I’m a bit behind on stories to cover, so this one is from a week ago, but I think it’s still well worth your attention. It’s a piece by economist Steven Hamilton in last week’s Channel 9 papers, offering a critique of the recent essay in the Monthly, “Capitalism after the crises”, by federal treasurer Jim Chalmers.
I haven’t read the Chalmers essay so I’m not going to comment on the accuracy of Hamilton’s response. My interest is in the way he implicates that curious term “neoliberalism”, which we’ve had occasion to talk about a few times in the past. (This post from a year ago includes a handy summary).
Hamilton first introduces the term with the statement that “The neoliberal wave that swept across the world during the decades leading up to the global financial crisis in many ways overcorrected for the government overreach that preceded it.” That sounds as if he’s taking neoliberalism to be a pro-market, anti-statist movement – which is certainly one common usage, from both supporters and opponents.
So it’s a bit of a surprise when, five paragraphs later, he tells us that “The treasurer’s big new idea of government pursuing partnerships with the private sector is just about the most neoliberal thing imaginable.” Surely partnerships with government aren’t much of a correction, whether over or under, for government overreach?
Then we get this:
Among the many legacies of the neoliberal era, arguably the most corrosive was the proliferation of mixed markets, which in Australia have become dominant in critical industries. …
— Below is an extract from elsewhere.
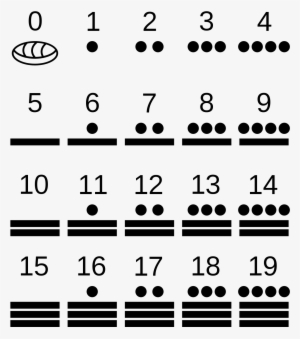 Sistema De Numeração Maia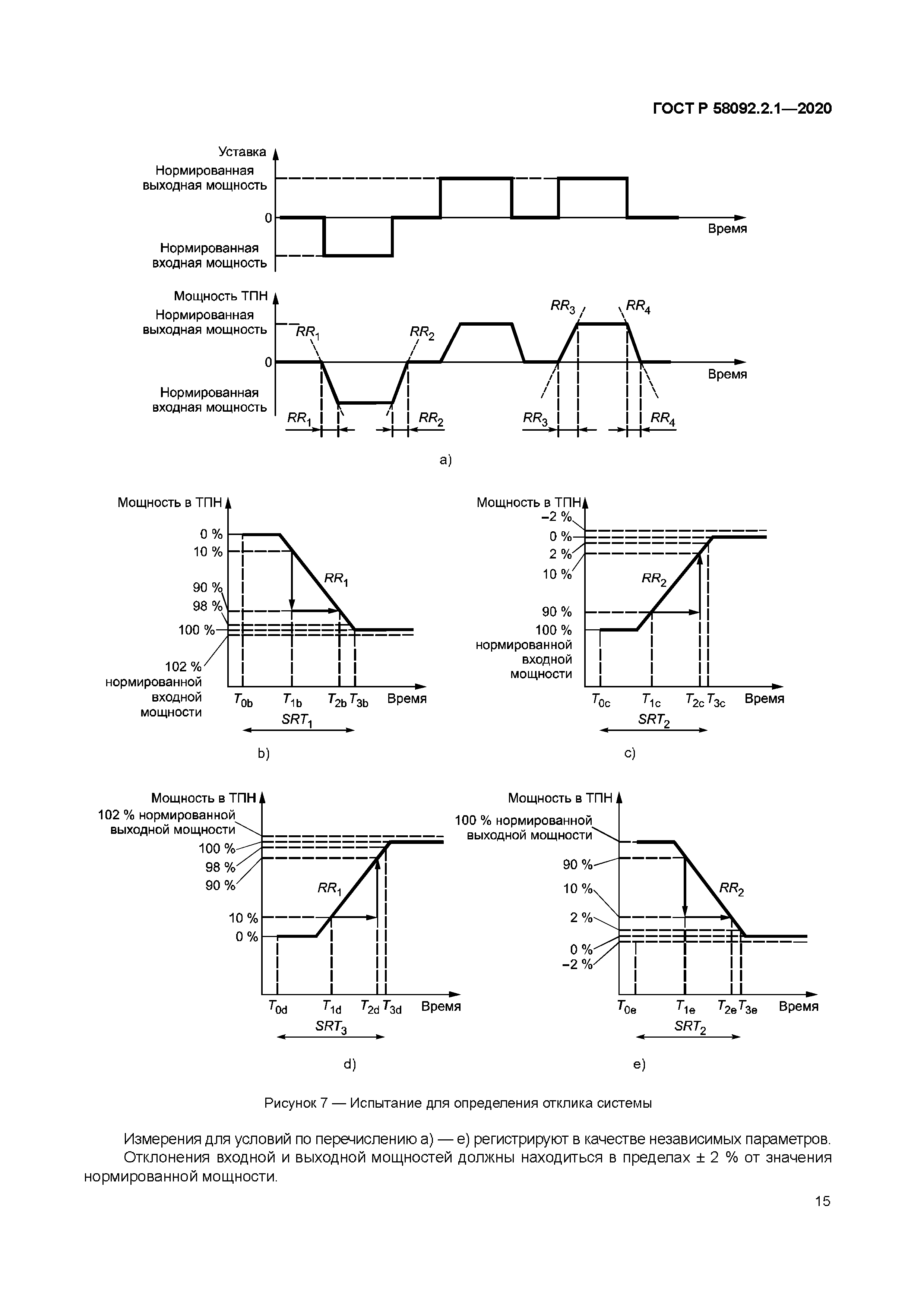 ГОСТ Р 58092.2.1-2020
An enlightened liberalism recognises there are some jobs for government and others for the private sector – that the government and private enterprise holding hands frequently results in terrible services at obscene prices. Where is the thought leadership on this key failure of neoliberalism?
If you take neoliberalism to denote a sort of free-market fundamentalism, then this makes no sense. The ill effects of private-public entanglement are a leading theme of all the major pro-market writers; by no stretch of the imagination can they be described as proponents of the sort of cronyism that Hamilton is attacking.
Yet it’s true that, if we think of the 30-odd years preceding the global financial crisis as “the neoliberal era”, it was marked in many places (including Australia) by a rise in cronyism and in arrangements that lack either the discipline of real markets or the democratic accountability of government services. Hamilton’s criticism of this trend is spot on, and he is probably right to say that Chalmers avoids addressing it because that would be politically difficult.
But if that’s neoliberalism, then it’s no longer a pro-market movement: it’s a movement that uses some market-related rhetoric as a cover for funnelling public money to private interests. Alternatively, you could hold onto the pro-market meaning of the term, but say that it was subverted by a different set of interests in both private and public sectors, resulting in outcomes that are bad precisely because they are not neoliberal at all.
What all too many critics of neoliberalism want, however, is to do both at once: to be able to switch from one usage to the other without warning. One minute, neoliberals are cutting back government and promoting markets; the next minute, they’re in cahoots with big business to frustrate markets. The idea of markets as working against the interests of the ruling class – a staple of pro-market thought going back at least to Adam Smith – is simply defined out of existence.
I don’t think this is consciously Hamilton’s strategy. He seems to want markets to be allowed to work properly, although he would give government a greater role alongside them than I think is wise. But his way of framing the problem leaves the door open to confusion.
Before you talk about neoliberalism, think carefully. Do you know what you’re trying to say? Are you sticking to just one meaning? And are you letting your audience know what that is? If not, best to find a different word.